§ Data for this task
◆ ◆ ◆ ◆

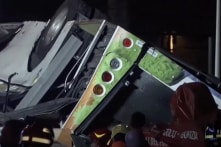 Tai nạn xe buýt tại Ý khiến ít nhất 21 người thiệt mạng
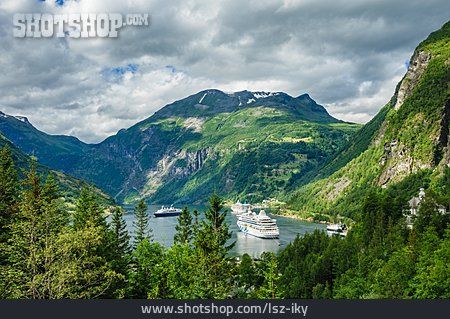 
                Kreuzfahrtschiff, Geirangerfjord                   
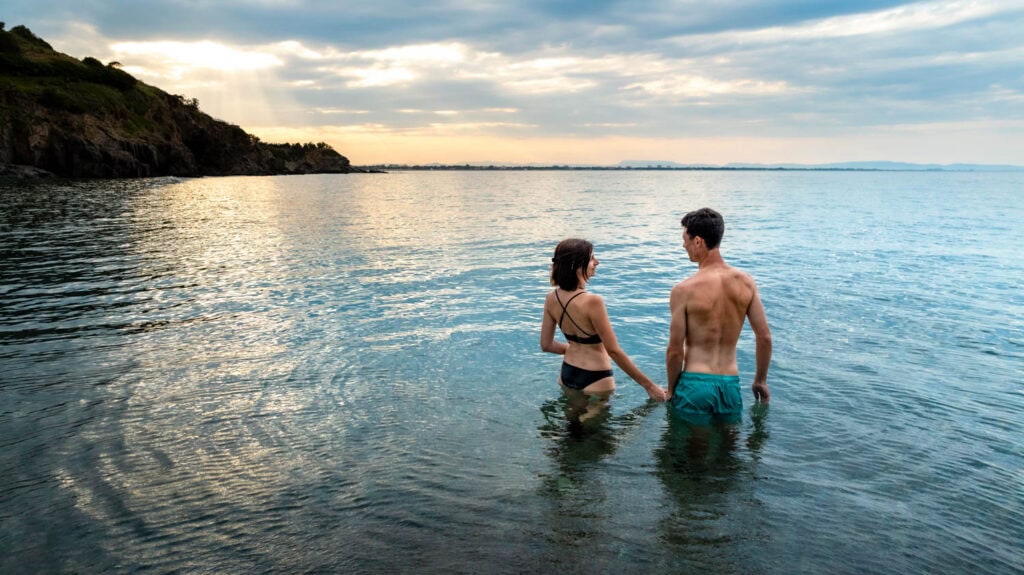 photo de drône de Chloé et Valentin partageant un moment intime dans l'eau à la plage de l'Ouille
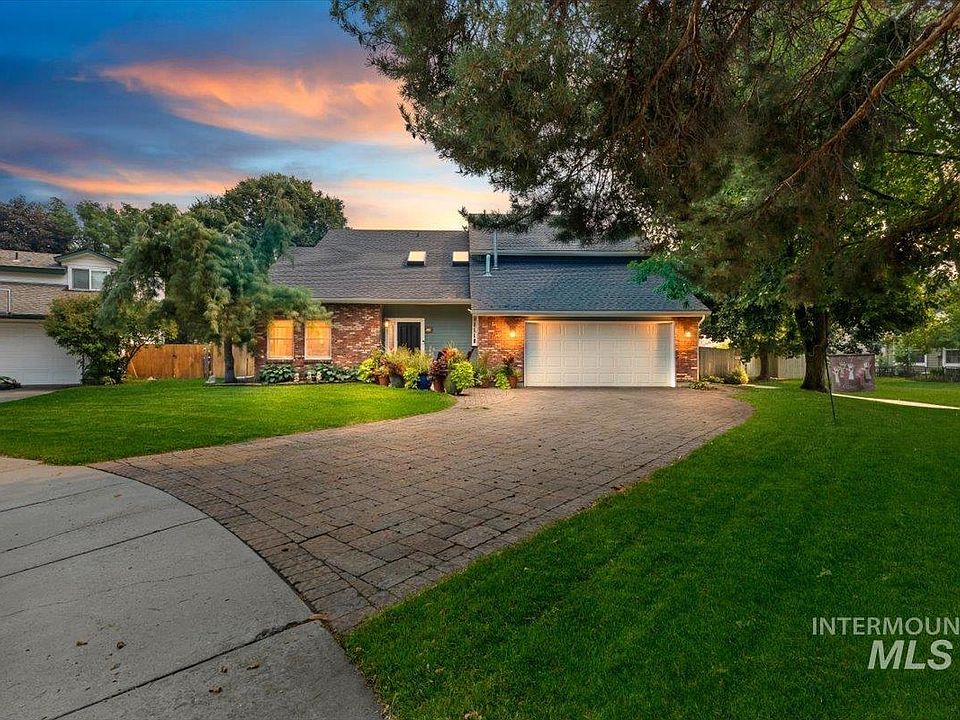 1st image of 3176 S Lakeridge Pl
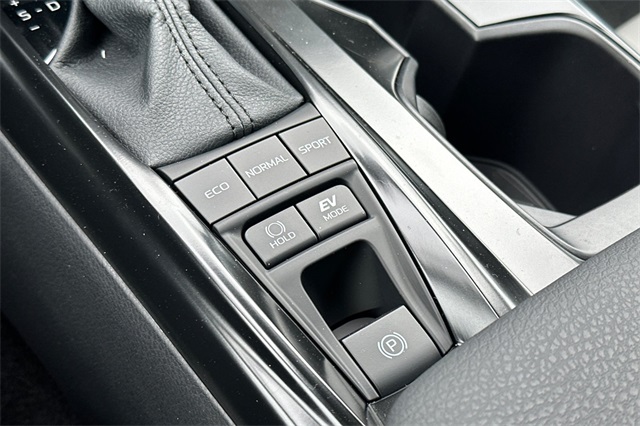 2025 Toyota Camry SE photo 27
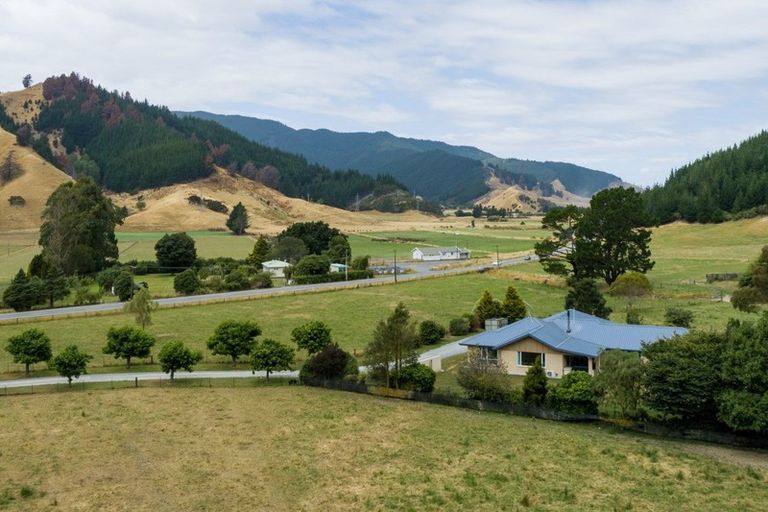 Photo of property in 2381 State Highway 6, Okaramio, Havelock, 7178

◆ ◆ ◆ ◆

§ Action item
Every line from the one containing "Kreuzfahrtschiff, Geirangerfjord" to the last line of the material must be returned exactly. Leave out any pictures.

§ Answer box
                Kreuzfahrtschiff, Geirangerfjord                   
 photo de drône de Chloé et Valentin partageant un moment intime dans l'eau à la plage de l'Ouille
 1st image of 3176 S Lakeridge Pl
 2025 Toyota Camry SE photo 27
 Photo of property in 2381 State Highway 6, Okaramio, Havelock, 7178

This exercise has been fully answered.